Public Law

Case law update I/2026: Court rulings on onshore wind turbines

Since we published our case law update II/2025 (article of 3 March 2026), Germany’s administrative courts have once again been busy issuing numerous decisions on onshore wind energy. This update will cover some of the key rulings.

Fulfilment of local wind energy targets is contestable

In a decision of 6 February 2026 (11 C 205/25.T), the Higher Administrative Court of Hesse issued a landmark ruling in connection with local wind energy targets – specifically, the target percentages of each federal state’s area to be used for wind energy laid down in section 5(2) Wind Energy Area Requirements Act (Windenergieflächenbedarfsgesetz, “WindBG”). A declaration that such percentage has been reached constitutes a declaratory administrative act, the court ruled, which means it can be contested in an avoidance action (Anfechtungsklage). In the case at hand, a municipal wind energy company objected to decisions by two regional planning bodies (Regionalversammlung Südhessen and Regionalverband FrankfurtRheinMain) declaring that the phase 1 target percentage had been met.

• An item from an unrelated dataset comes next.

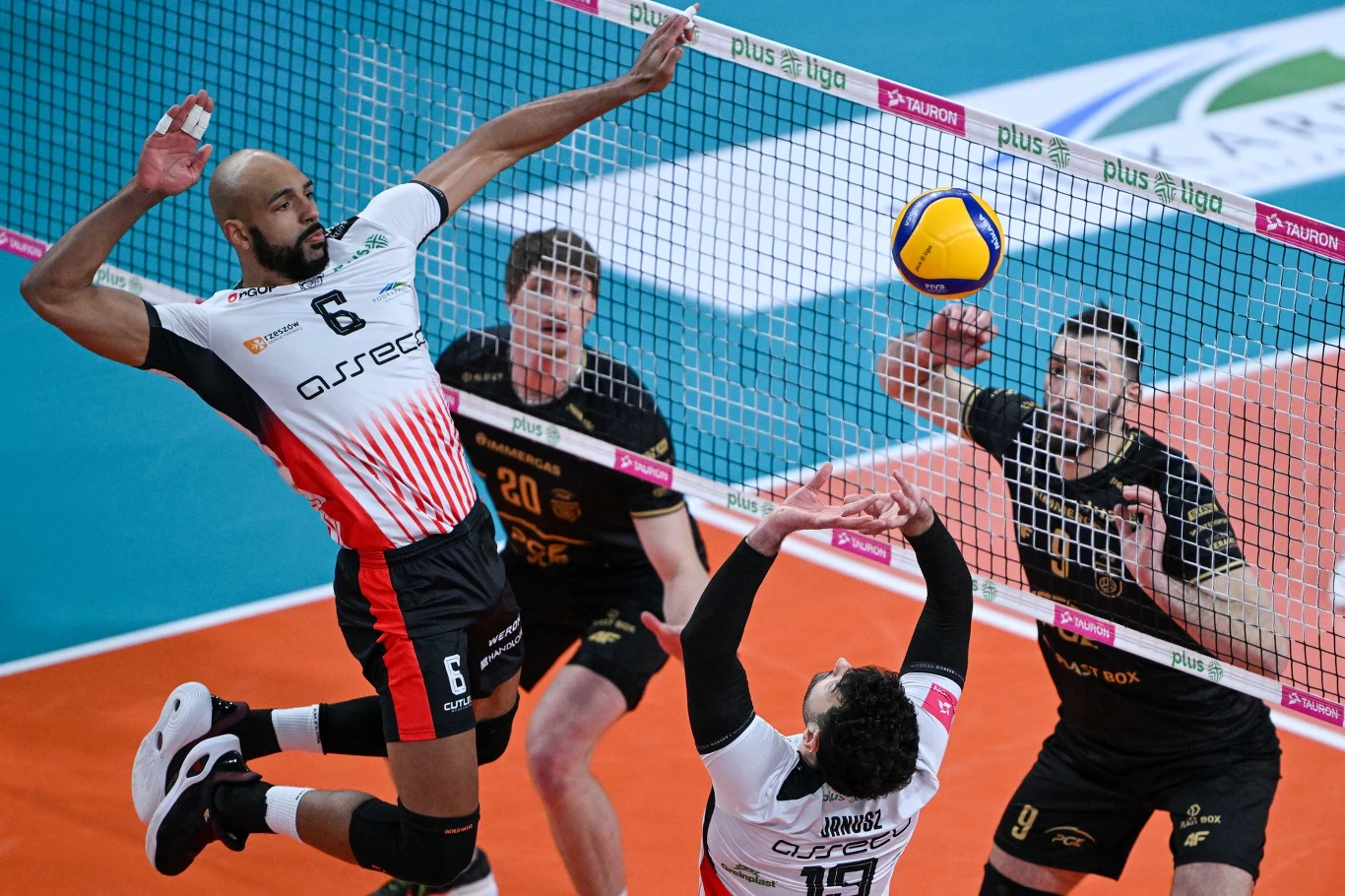 Danny Demyanenko w czasie meczu Asseco Resovia Rzeszów - PGE Projekt Warszawa Zawodnik w białej koszulce z numerem 6 wyskakuje wysoko nad siatkę podczas zaciętego meczu siatkówki, obok niego trzech przeciwników w czarnych koszulkach koncentruje się na próbie blokowania zagrania, w tle widać fragmenty boiska oraz siatkę.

The Higher Administrative Court found that such declaration has direct external legal effects and changes the legal regime for construction. After such declaration, the court confirmed, wind turbines in unzoned areas (Außenbereich) lose their privileged status and can only retain approval as “other projects” subject to strict requirements (sections 249(2), 35(1), no. 5, 35(2) Building Code (Baugesetzbuch, “BauGB”)). The court also commented on how the State of Hesse, with its three planning regions, has implemented such target percent-ages. Under Hesse’s energy law, each regional plan must define priority areas. This effectively requires each planning region to make the same percentage of its area available for wind energy, namely 1.8%. Hesse law therefore did not provide for equalisation between the planning regions, it ruled.

The judgment has considerable practical relevance as it will allow project developers to challenge declarations that such local wind energy targets have been met and thus contest the removal of privileged status from sites in unzoned areas..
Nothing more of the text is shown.